Local Metric with Parameterized Evolution

TL;DR

This paper introduces a Hamiltonian formulation of General Relativity with an external evolution parameter, enabling a covariant, dynamic approach to spacetime that simplifies initial value problems and models mass-energy flow.

Contribution

It presents a novel covariant Hamiltonian framework for GR with an external evolution parameter, extending Einstein equations to include dynamic mass-energy flow.

Findings

Extended Einstein equations imply a mass-energy flow proportional to dM/dτ.

In τ-equilibrium, the system reduces to a generalized Schwarzschild solution.

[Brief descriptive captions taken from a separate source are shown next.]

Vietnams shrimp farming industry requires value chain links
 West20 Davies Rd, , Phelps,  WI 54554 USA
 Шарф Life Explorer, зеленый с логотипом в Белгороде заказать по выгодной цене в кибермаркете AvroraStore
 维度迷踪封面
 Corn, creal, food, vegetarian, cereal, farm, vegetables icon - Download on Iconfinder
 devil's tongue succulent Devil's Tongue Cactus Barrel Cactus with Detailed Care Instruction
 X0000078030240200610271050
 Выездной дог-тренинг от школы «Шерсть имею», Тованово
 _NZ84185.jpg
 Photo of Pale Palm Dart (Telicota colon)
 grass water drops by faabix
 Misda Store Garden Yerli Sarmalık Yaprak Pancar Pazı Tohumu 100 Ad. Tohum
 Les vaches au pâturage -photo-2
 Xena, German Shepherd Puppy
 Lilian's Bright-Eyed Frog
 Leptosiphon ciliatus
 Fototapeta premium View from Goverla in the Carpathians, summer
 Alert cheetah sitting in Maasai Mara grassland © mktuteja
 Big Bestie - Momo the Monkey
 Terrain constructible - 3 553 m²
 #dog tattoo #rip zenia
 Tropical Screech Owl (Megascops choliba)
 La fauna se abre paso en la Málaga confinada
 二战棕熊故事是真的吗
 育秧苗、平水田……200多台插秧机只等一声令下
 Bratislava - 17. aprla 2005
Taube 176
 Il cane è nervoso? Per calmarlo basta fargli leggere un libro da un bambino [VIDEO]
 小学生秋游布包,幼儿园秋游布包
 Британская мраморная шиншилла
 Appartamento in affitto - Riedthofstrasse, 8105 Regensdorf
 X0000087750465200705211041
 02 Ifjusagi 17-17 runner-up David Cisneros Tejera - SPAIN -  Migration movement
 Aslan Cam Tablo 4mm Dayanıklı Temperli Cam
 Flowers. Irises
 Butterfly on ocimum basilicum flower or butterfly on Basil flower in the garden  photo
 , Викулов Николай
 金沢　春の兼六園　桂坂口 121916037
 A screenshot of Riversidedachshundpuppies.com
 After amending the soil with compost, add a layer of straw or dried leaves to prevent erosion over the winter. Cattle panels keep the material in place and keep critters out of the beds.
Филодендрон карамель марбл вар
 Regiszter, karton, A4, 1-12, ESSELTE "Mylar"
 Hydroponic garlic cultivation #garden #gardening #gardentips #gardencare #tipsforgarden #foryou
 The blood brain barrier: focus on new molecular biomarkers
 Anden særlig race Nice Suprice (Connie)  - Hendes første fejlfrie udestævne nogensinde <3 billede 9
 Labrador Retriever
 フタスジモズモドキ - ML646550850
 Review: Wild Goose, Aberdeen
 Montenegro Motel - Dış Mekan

The approach simplifies modeling highly dynamical interactions like black hole collisions.

Abstract

We present a canonical Hamiltonian formulation of GR in which $\tau$, the parameter of system evolution, is external to spacetime, playing a role similar to what we call time in nonrelativistic mechanics. This approach, known as Stueckelberg-Horwitz-Piron (SHP) theory, inherits the full computational power of classical analytical mechanics while maintaining manifest covariance throughout and eliminating possible conflict with general diffeomorphism invariance. In particular, SHP simplifies the initial value problem with potential applications in highly dynamical interactions, such as black hole collisions. By allowing the energy-momentum tensor and metric to depend explicitly on $\tau$, we may describe particle motion in geodesic form with respect to a dynamically evolving background metric. As a toy model, we consider a $\tau$-dependent mass $M(\tau)$, first as a perturbation in the Newtonian approximation and then for a Schwarzschild-like metric. As expected, the extended Einstein equations imply a non-zero energy-momentum tensor, proportional to $dM / d\tau$, representing a flow of mass and energy into spacetime that corresponds to the changing source mass. In $\tau$-equilibrium, this system becomes a generalized Schwarzschild solution for which the extended Ricci tensor and energy-momentum tensor vanish.